25 January 2011

They number only a hundred or so. Remarkably few, when we consider the massive black hole they generate within the creative industry. A nearly year-long study conducted by a group of researchers from the Carlos III University of Madrid and Institute IMDEA Networks, headed by Rubén Cuevas, a professor at the university’s Telematic Engineering Department, reveals that barely a hundred “key pirates” are responsible for uploading 66% of all illegal files distributed through the BitTorrent protocol, the mass sharing P2P application that accounts for a large part of Internet traffic.


Assistant Professor Cuevas explains that the study was born from a question: “Who is the original source of the content?”, and also “what are their motives and why do they do it?”. The researchers focused their attention on a massively popular protocol (BitTorrent) and on two well-known portals, namely Mininova and The Pirate Bay. From these, they downloaded 55,000 files of all different types, and went on to analyze 40,000 of them in detail. It was an arduous process that took over eight months, and the findings were presented at the close of 2010 at the International Conference on Emerging Network EXperiments and Technologies (CoNEXT).

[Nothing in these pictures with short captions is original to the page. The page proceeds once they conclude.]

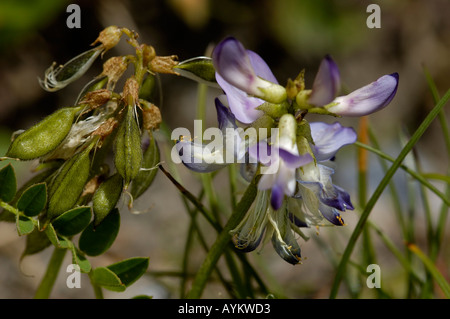 Astragale Astragalus alpinus alpin Banque D'Images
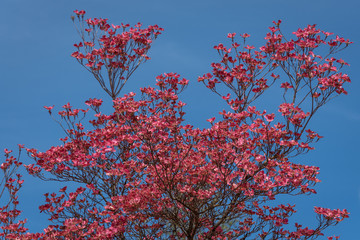 Coral pink of spring blooming dogwood flowers on dogwood tree against a clear blue sky, as a background, springtime in the Pacific Northwest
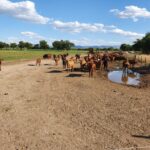 WhatsApp Image 2021-11-15 at 19.53.28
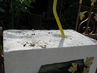 Filename=IMG_2450.jpg
Filesize=341KiB
Dimensions=1280x960
Date added=Sep 28, 2011 IMG_2450.jpg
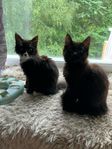 Katt Tvillingtjejer, en York chocolate och en tuxedo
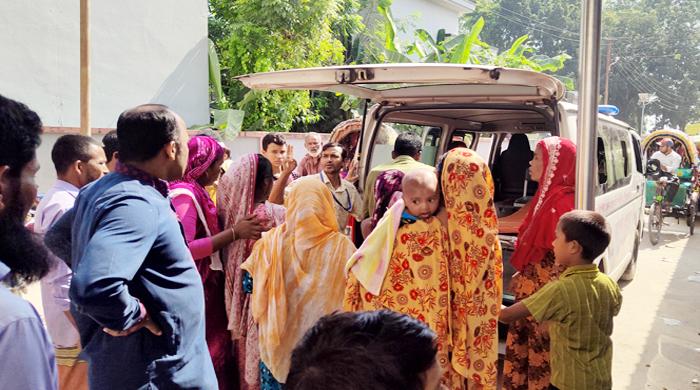 নীলফামারীতে শিয়ালের কামড়ে শিশুসহ আহত ৬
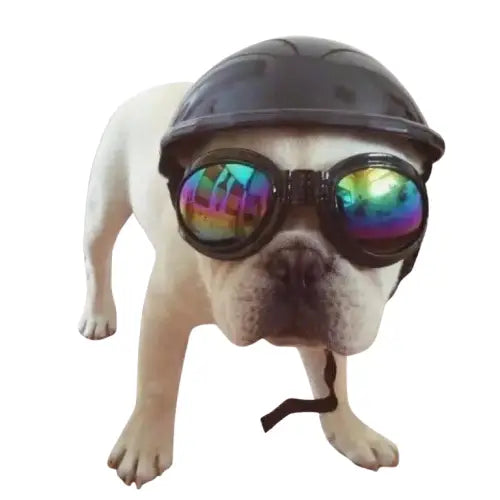 Casquette pour Chien & Lunettes de Motard Transparent Background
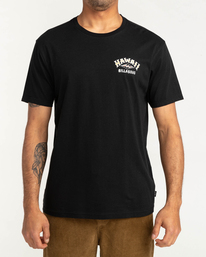 0 Arch Dreamy Place - T-shirt pour Homme  F1SS38BIF2 Billabong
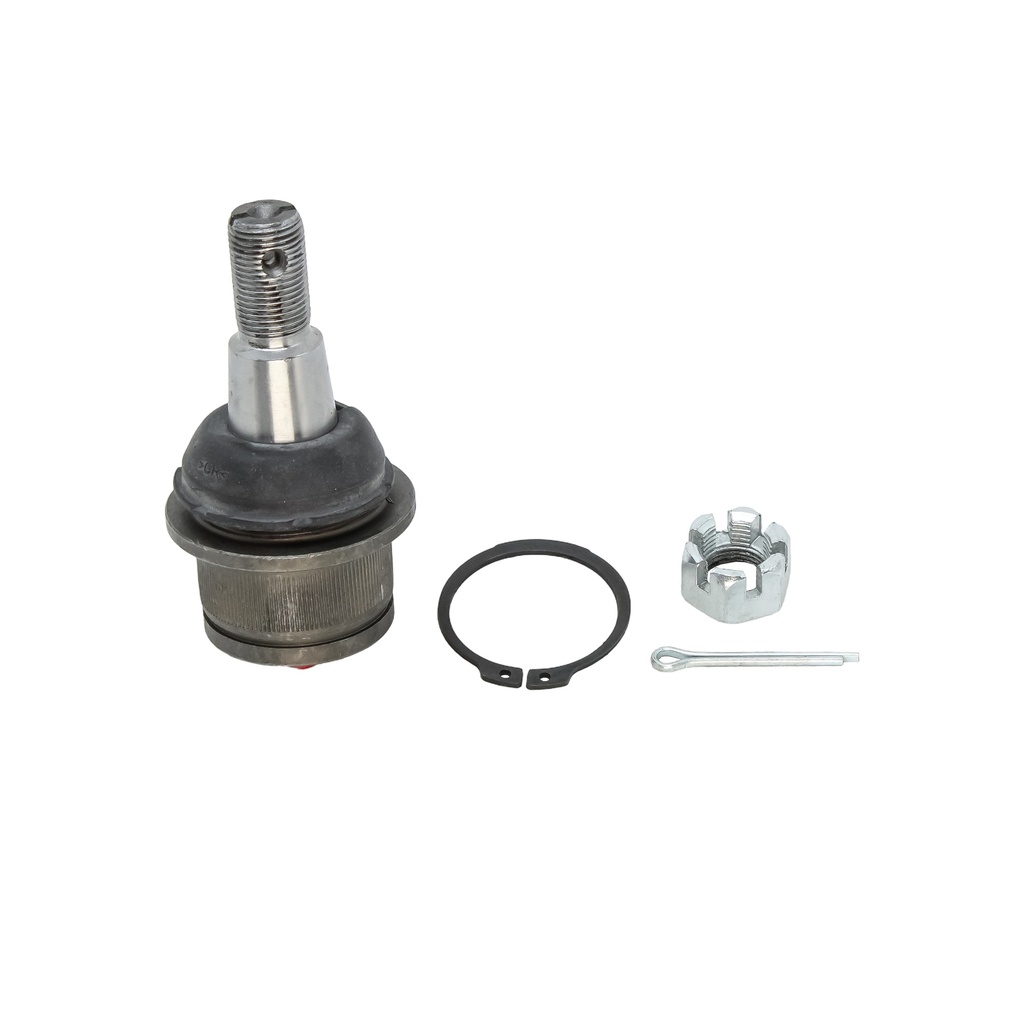 Rotula Inferior E-550 92-06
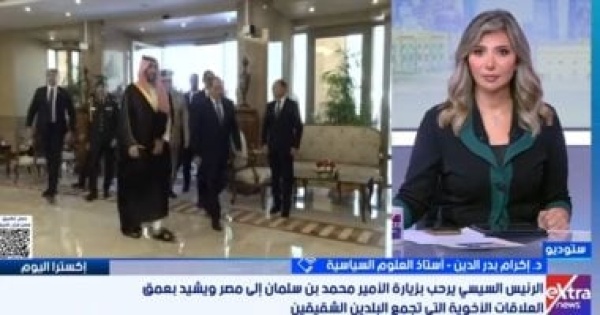 أستاذ علوم سياسية التنسيق المصرى السعودى ركيزة الاستقرار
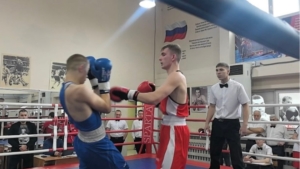 Зрелищные поединки и новые чемпионы: в Благовещенске подвели итоги областного турнира по боксу - gtrkamur.ru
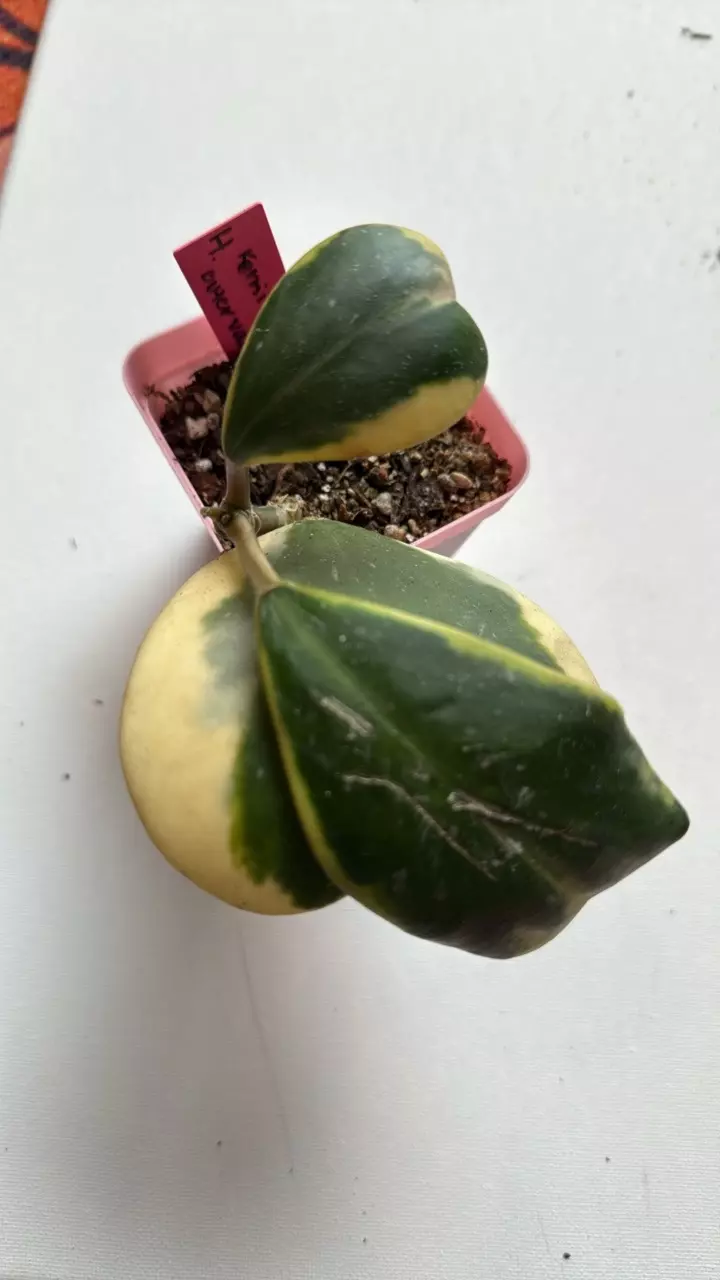 plant/Hoya Kerrii Outer Var-0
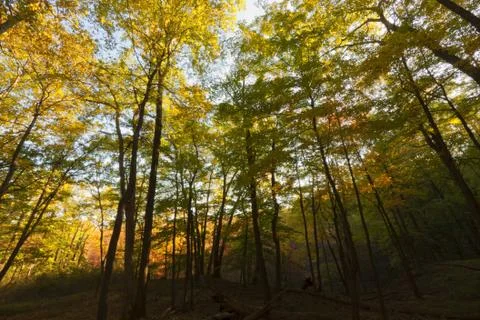 Fall Scenery. Stock Photos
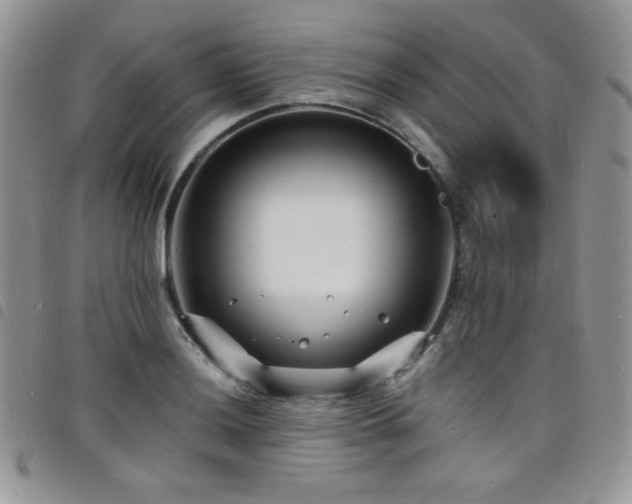 X0000098201036200804241248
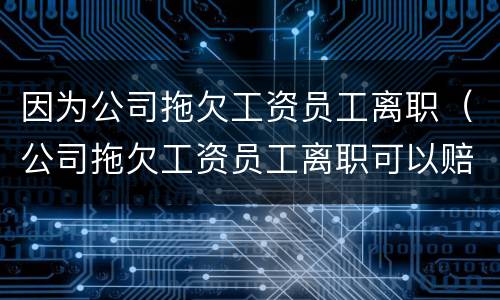 因为公司拖欠工资员工离职（公司拖欠工资员工离职可以赔偿吗）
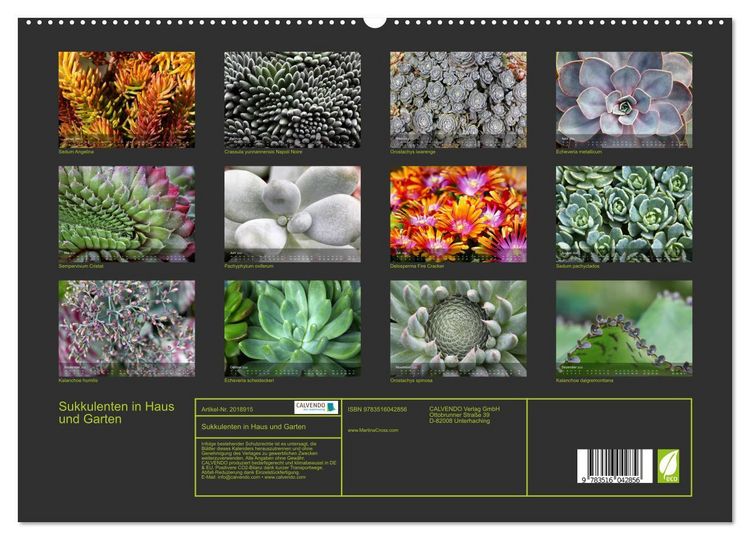 Produktbild: Sukkulenten in Haus und Garten (hochwertiger Premium Wandkalender 2026 DIN A2 quer), Kunstdruck in Hochglanz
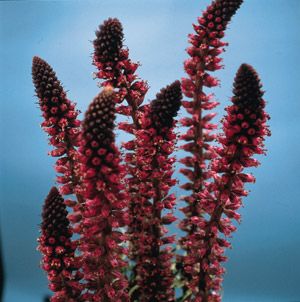 lysimachia atropurpurea beaujolais seeds perennial approx 50 seeds per 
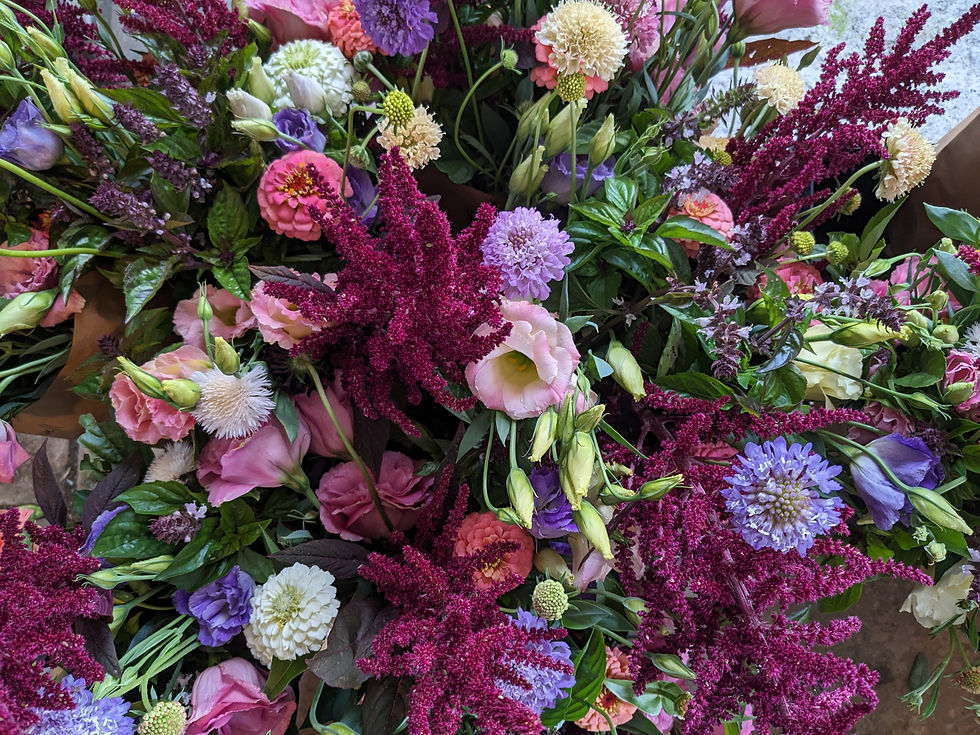 Full Season Subscription - Tuesday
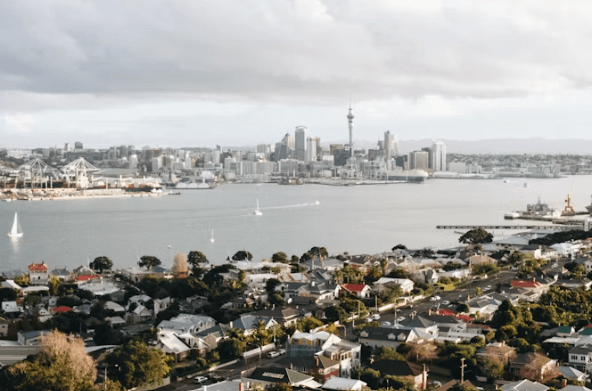 뉴질랜드 워킹홀리데이 완벽 가이드: 비자부터 정착까지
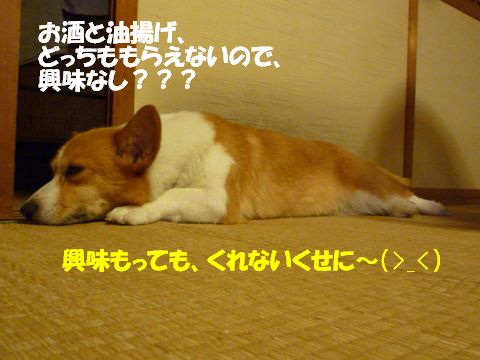 本日のcoccoa090721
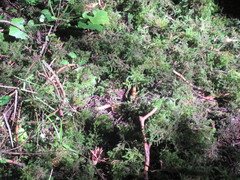 Echinodiopsis hispida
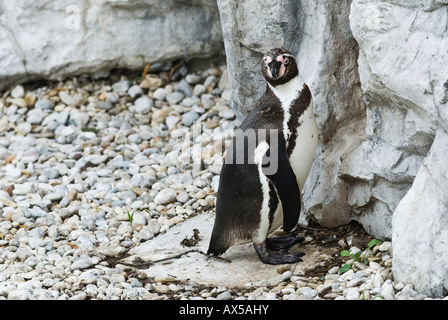 I pinguini Jackass davanti la Grotta di nesting, Speniscus demersus Foto Stock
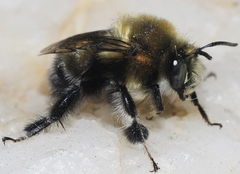 Anthophora atroalba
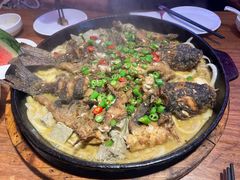 -老板恋上鱼(恒隆广场店)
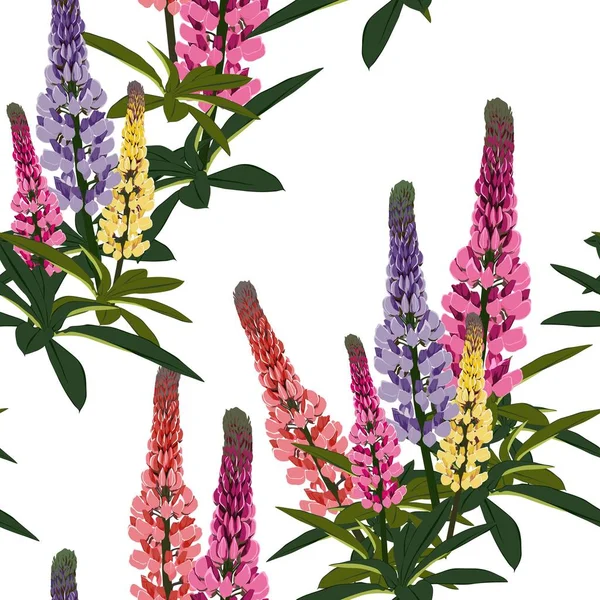 Verão Primavera Lupine Selvagem Rosa Flores Violetas Amarelas Com Folhas — Vetor de Stock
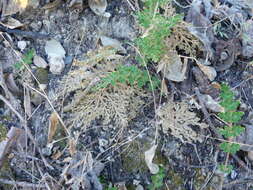 Image of Selaginella pallescens (C. Presl) Spring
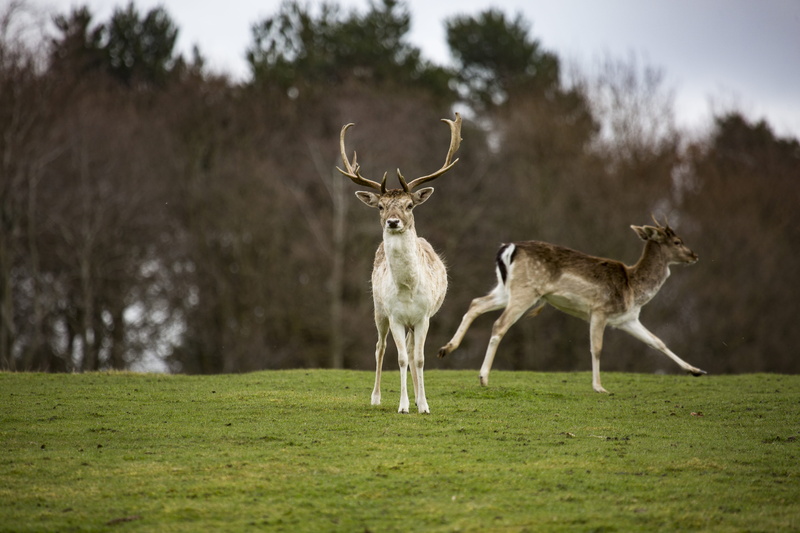 comedy wildlife photography, herbivorous, group of animals, animals in the wild, 5K, animal wildlife, animal themes, green, outdoors, standing, deer, field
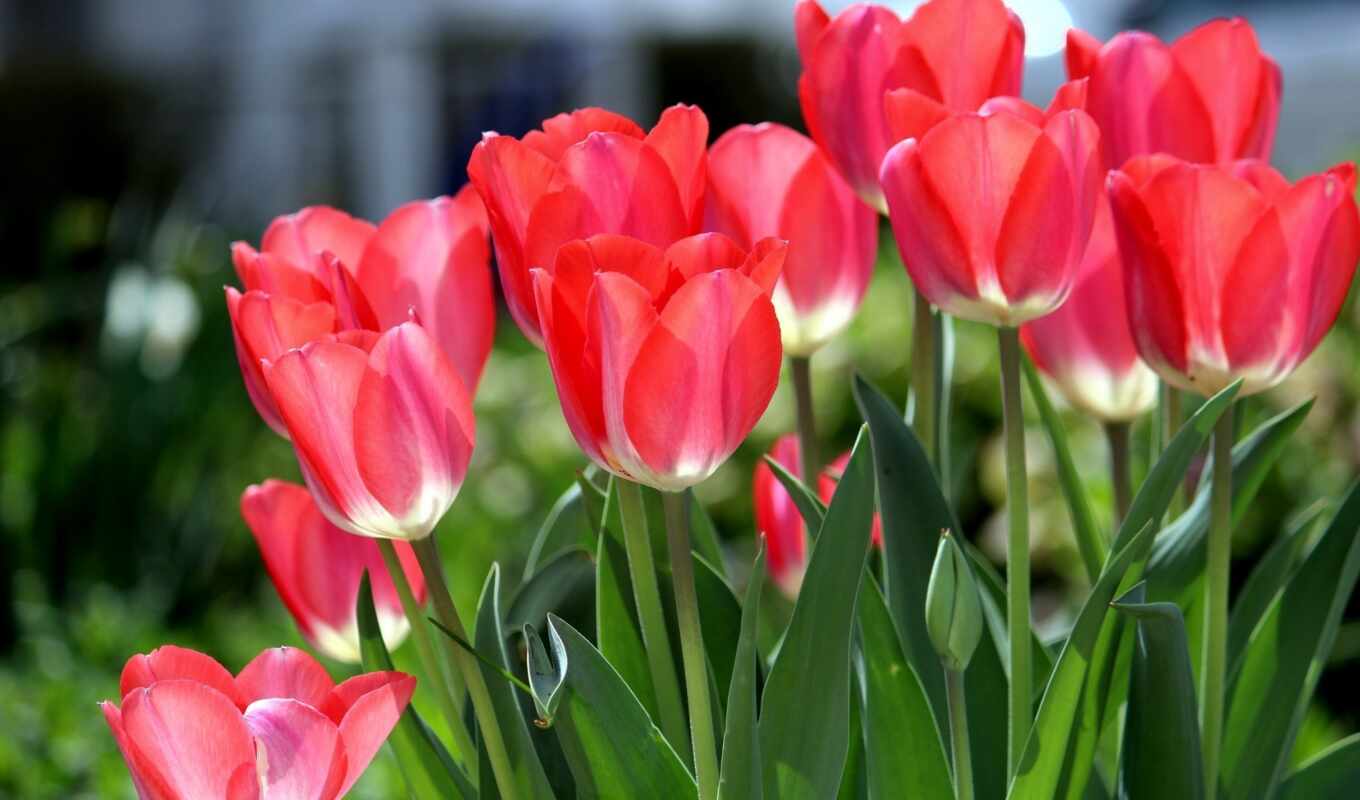 tulip, event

The results can be summed up in two statements, explains Rubén Cuevas: just a handful of people are responsible for a substantial part of the file sharing structure and they do so for money. “The 40,000 files we analyzed in detail were downloaded 96 million times by 27 million different users. Impressive figures, all the more so when we consider that 66% of these files were posted on-line by just a hundred or so people”.

English and Spanish rule supreme

The hundred-odd pirates that rule the Internet operate through servers outside the country where they “work”, creating a huge thorn in the side of the proposed Spanish ‘Sinde’ Act. “English and Spanish rule this market. In many cases, the on-line pirates upload films or games in both languages, although we have noticed that at least twenty of these major users or user groups specifically upload content in Spanish”, adds Professor Cuevas.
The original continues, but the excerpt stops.